— The task —
In the entries below, find the line with "シャンパンピンクローズエレガンス2サイド セラミックオーナメント", then set it down exactly along with each line after it to the end, skipping any pictures.

— Supplied entries —

————————

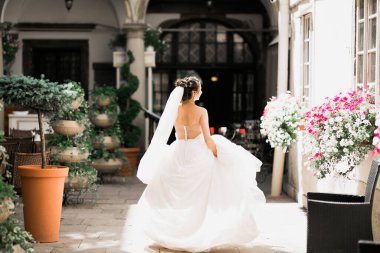 Parkta mükemmel bir elbiseyle dönen güzel gelin.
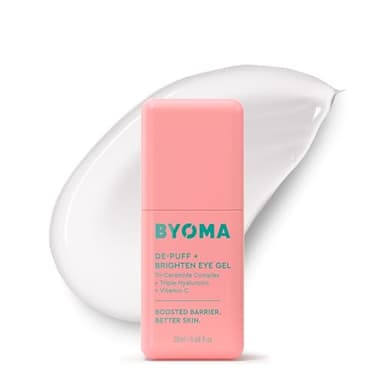 BYOMA De-Puff + Brighten Eye Gel - Lightweight Gel Eye Cream for Dark Circles, Puffiness & Wrinkles - Under Eye Cream With Hyaluronic Acid & Vitamin C - Barrier Repair Skincare - 0.68 fl. oz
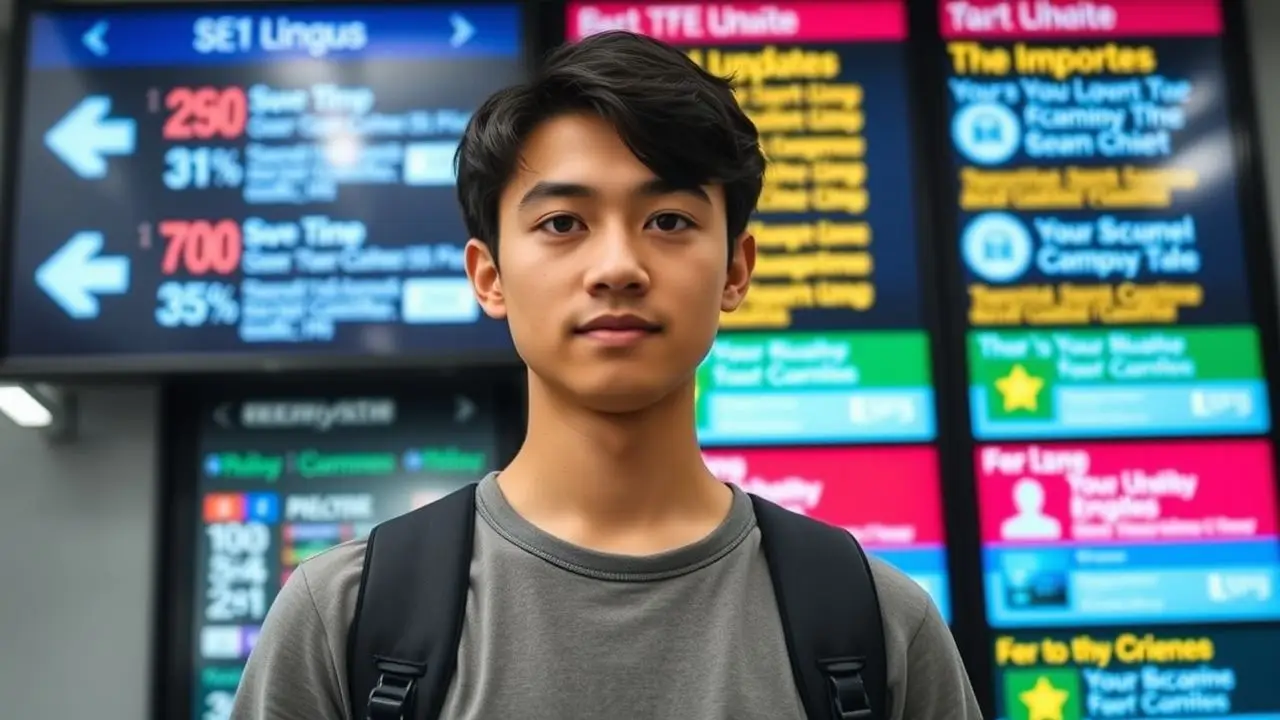 A college student standing in front of a digital campus signage. A college student standing in front of a digital campus signage.
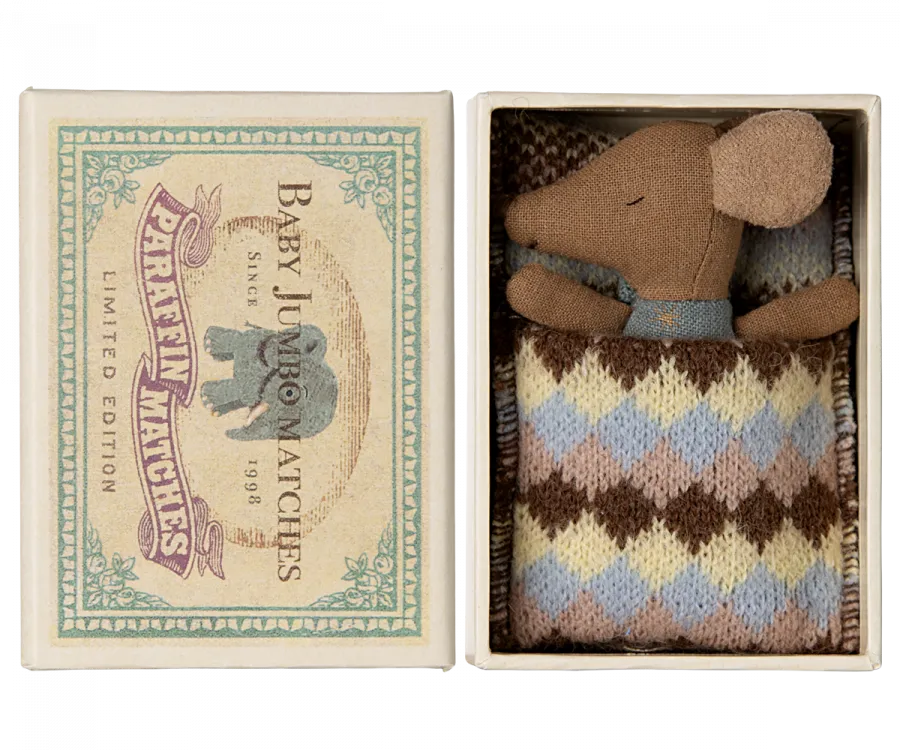 Sleepy Wakey Baby Mouse in Matchbox - Blue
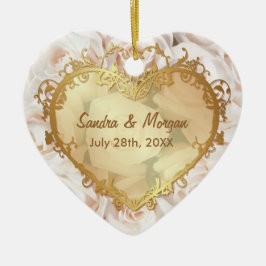 シャンパンピンクローズエレガンス2サイド セラミックオーナメント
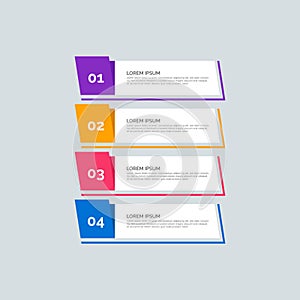 Modern Info-graphic Template for Business with four steps multi-Color design. Set of 4 simple elements for info graphics, flow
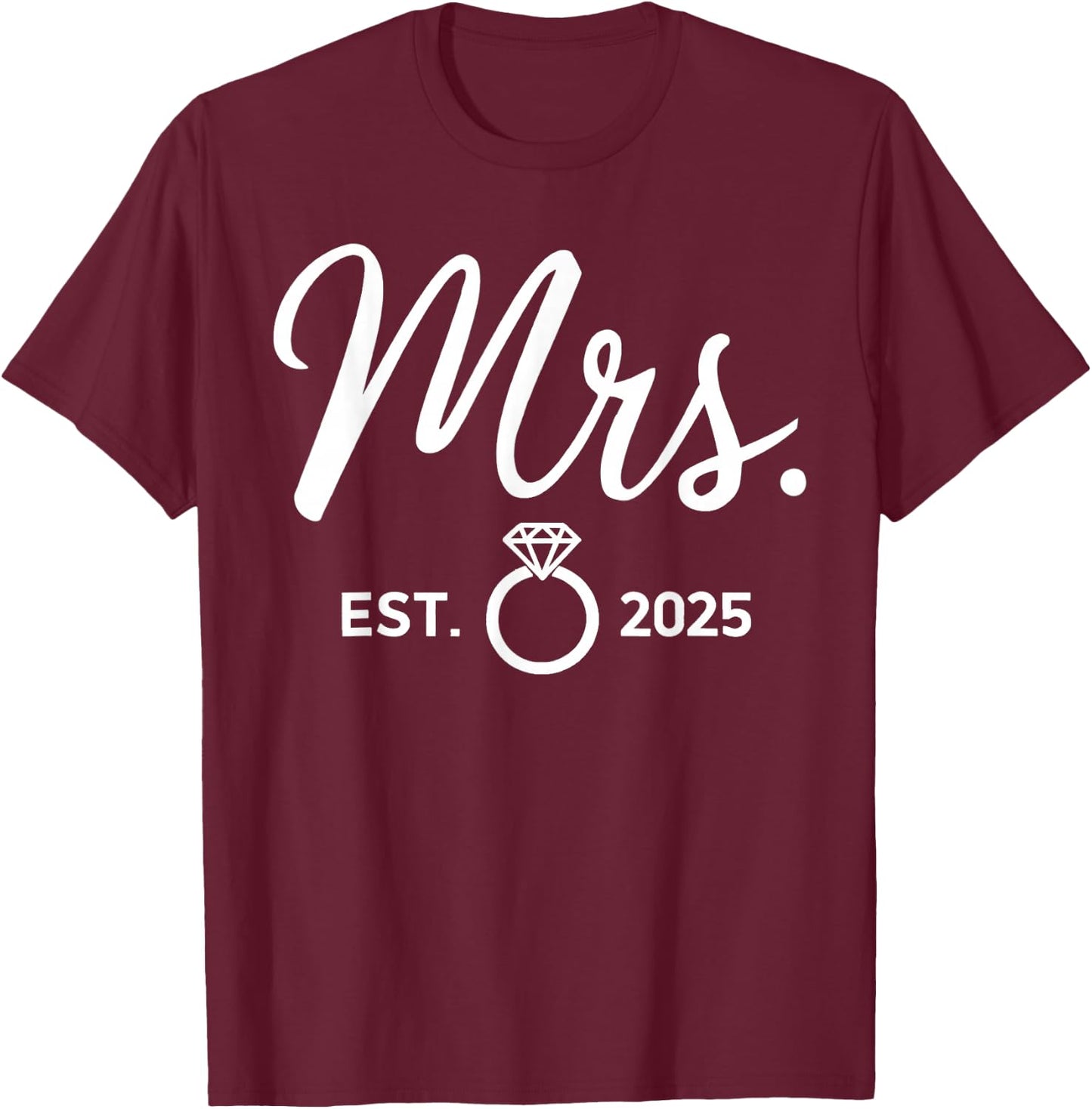 Mr. & Mrs. Engagement Just Married Wedding Couples -Adults Black Size Small T-Shirt - T-Shirt | Maroon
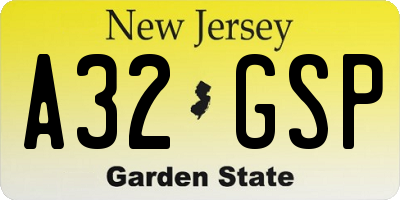 NJ license plate A32GSP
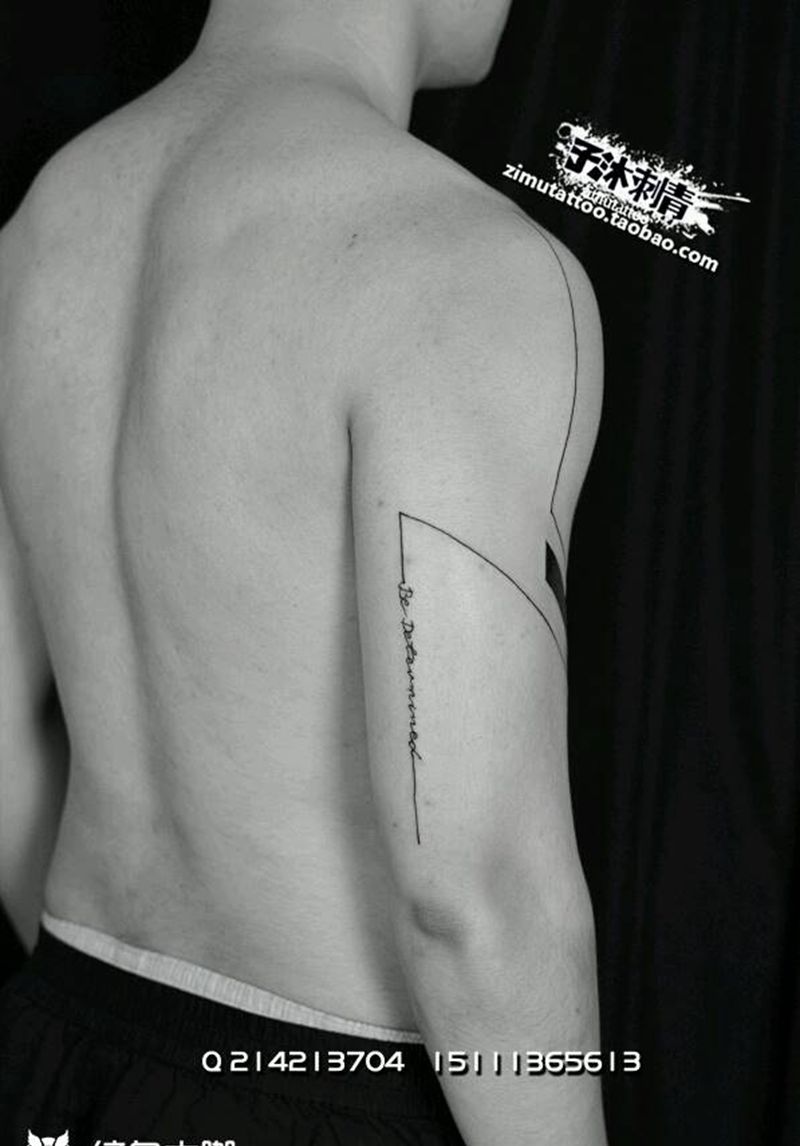 线条纹身图片_手臂成品纹身图案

————————

— Exercise response —
 シャンパンピンクローズエレガンス2サイド セラミックオーナメント
 Modern Info-graphic Template for Business with four steps multi-Color design. Set of 4 simple elements for info graphics, flow
 Mr. & Mrs. Engagement Just Married Wedding Couples -Adults Black Size Small T-Shirt - T-Shirt | Maroon
 NJ license plate A32GSP
 线条纹身图片_手臂成品纹身图案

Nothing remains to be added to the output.